Mandalà fa riferimento alle polemiche sollevate dopo la notizia che il Comune aveva concesso uno dei suoi locali per la presentazione di un suo libro. Oltre all’autore alla presentazione c’erano la scrittrice Sandra Guddo, l’ex provveditore agli studi di Palermo Rosario Gianni Leone, il moderatore Antonio Dolce e Pino Apprendi, garante comunale per i diritti delle persone detenute. “E’ questo un concetto ignoto – aggiunge – agli sciacalli inebriati dall’odore del sangue e impegnati ad azzannare alle calcagna la preda di turno e in particolare chi, come me, si è imbattuto in una vicenda giudiziaria elevata a stigma definitivo che nega persino di esistere pur all’insegna di valori legittimi“.

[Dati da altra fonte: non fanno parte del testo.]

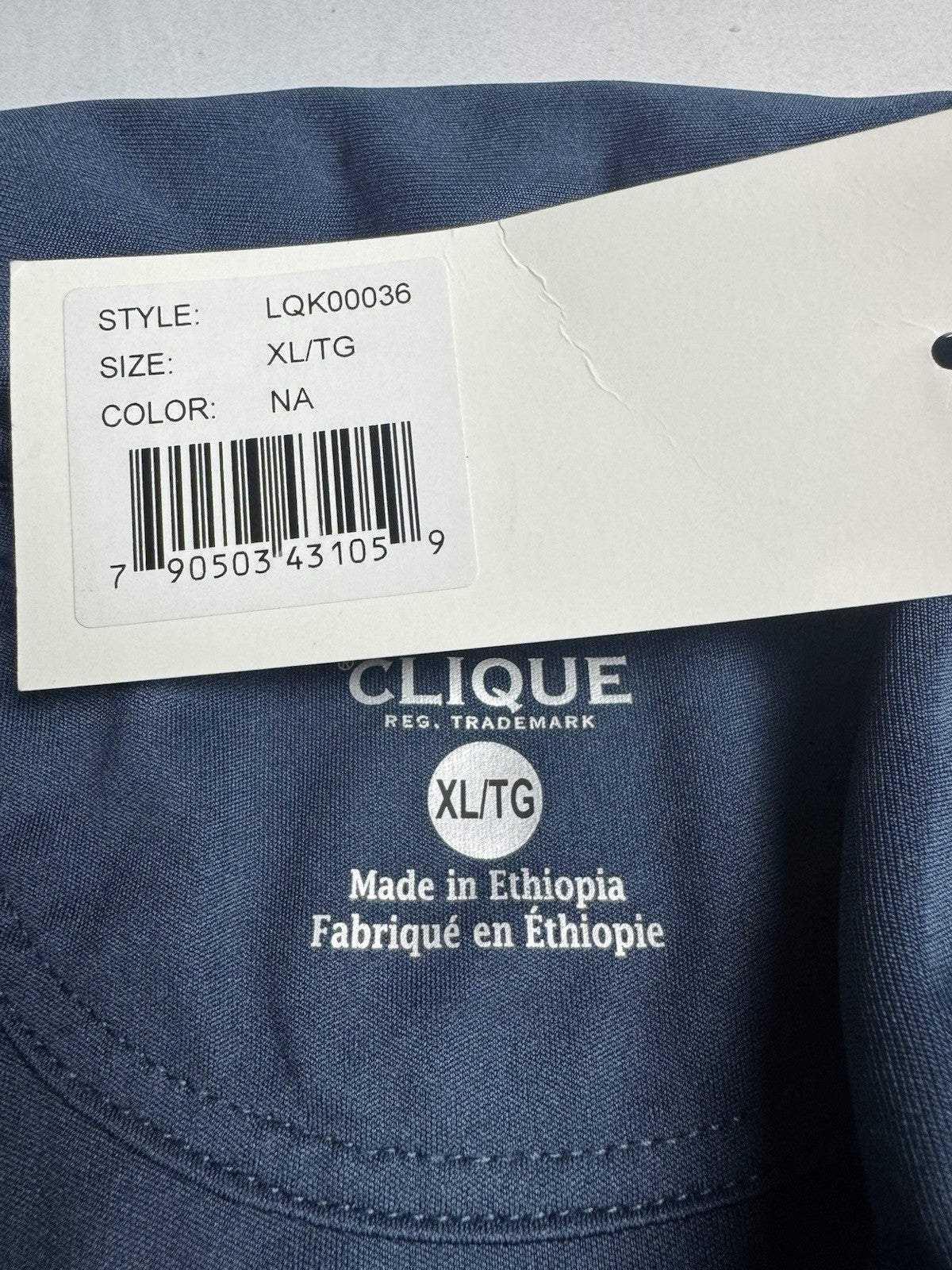 Clique Women’s Top Golf Polo Shirt Sz XL.   (B.124)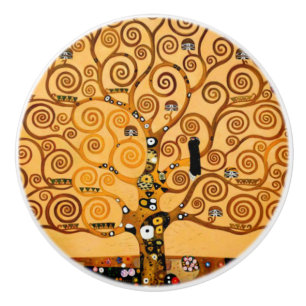 Tree of Life by Gustav Klimt Fine Art Ceramic Knob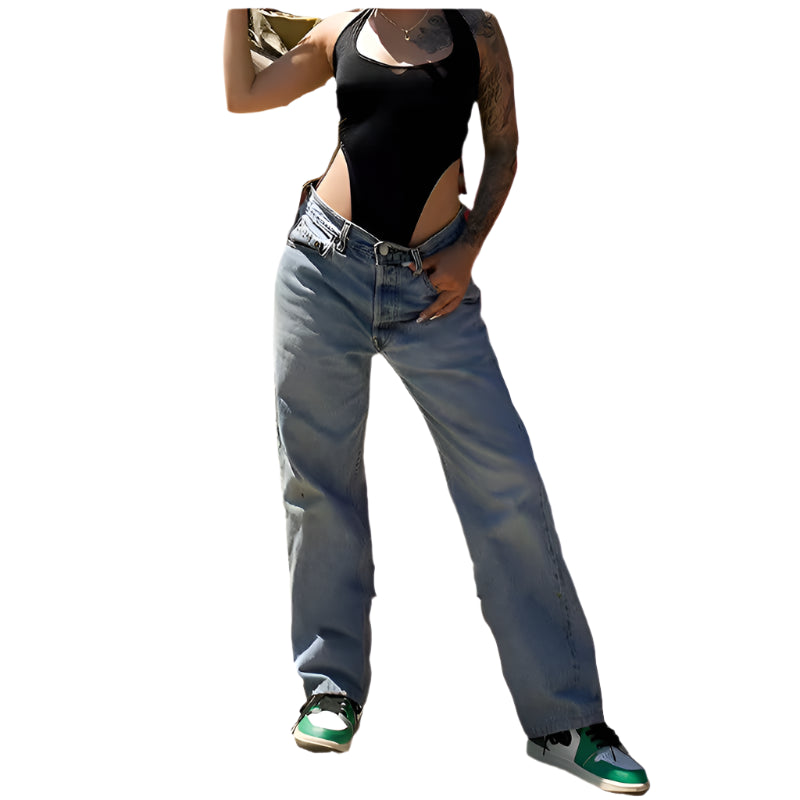 Damejeans i Vintage Look | Punk Baggy Fit | Denim Essentials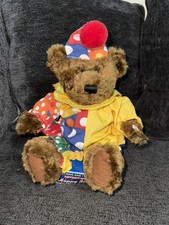 Vtg DAN DEE Tickle Tickle Wiggle Wiggle Happy Birthday Teddy Bear in Clown Suit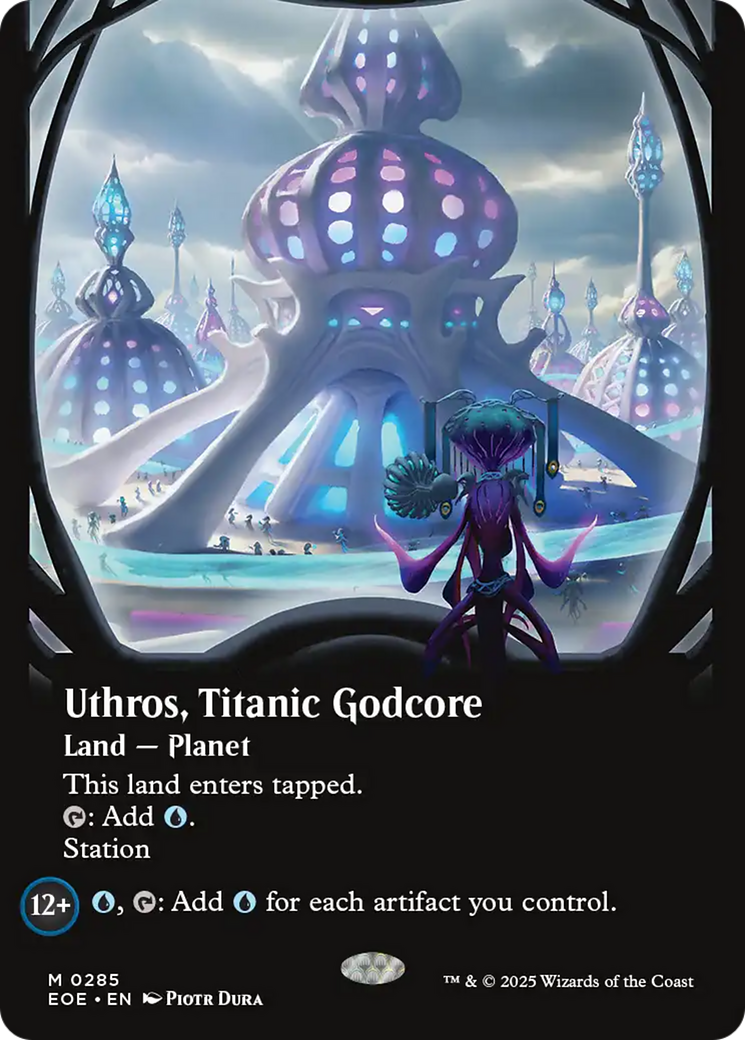 Uthros, Titanic Godcore (Borderless) [Edge of Eternities] | Eastridge Sports Cards & Games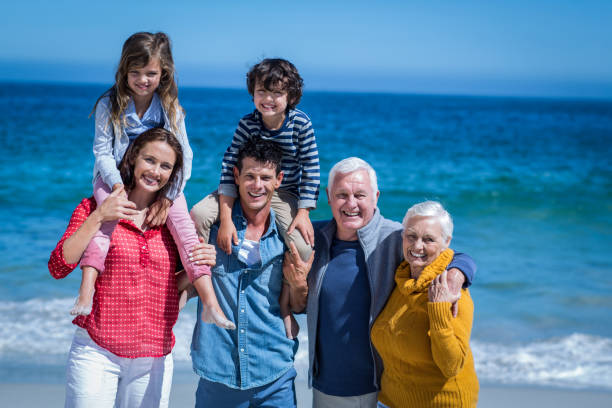 istock Happy family posing together 700435586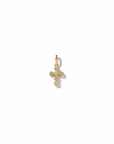 18K Italian Gold Cross Pendant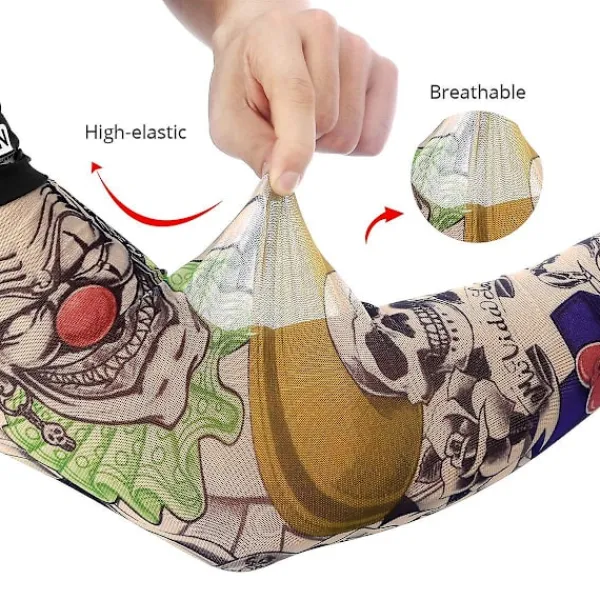 6 st Art Arm Fake Tattoo Sleeves Cover för Unisex Party Cool Man Woman Fashion Tattoos & Body Art Tillfällig Vattentät> Smink
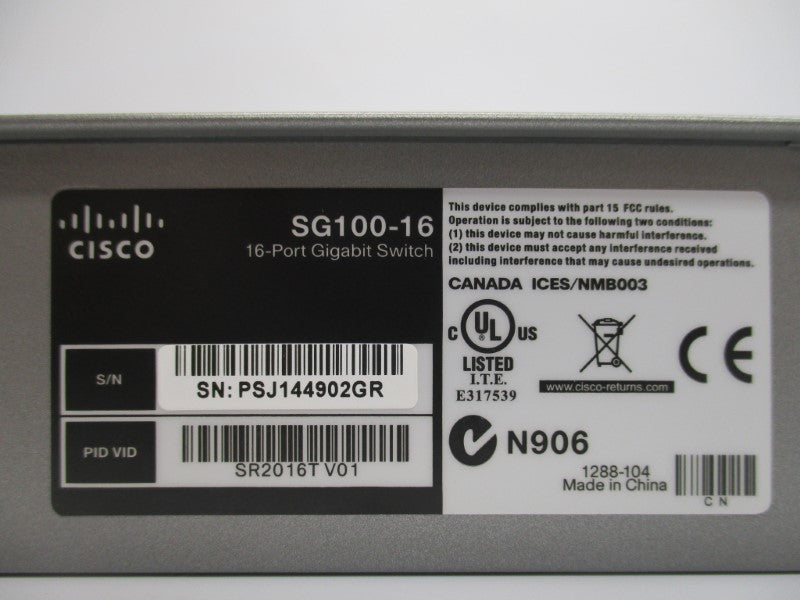 CISCO SG100-16 (AS PICTURED) NSMP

“Secondo i miei avvocati – conclude – ci sono gli estremi per trascinare in giudizio chi ha abusato di me e della mia famiglia (beninteso famiglia di sangue) ma rinuncio a questa decisione perché non mi va di sporcarmi in una contesa con piccoli uomini. Per quanto riguarda poi i rumor che mi vogliono sodale di Provenzano, dico che non ho mai conosciuto questo signore e la stessa cosa dice la magistratura che non mi ha mai contestato alcun rapporto con lui. E’ tempo che si smentisca una volta per tutte la mitizzazione del mio spessore criminale assolutamente lontana dall’essere vera“.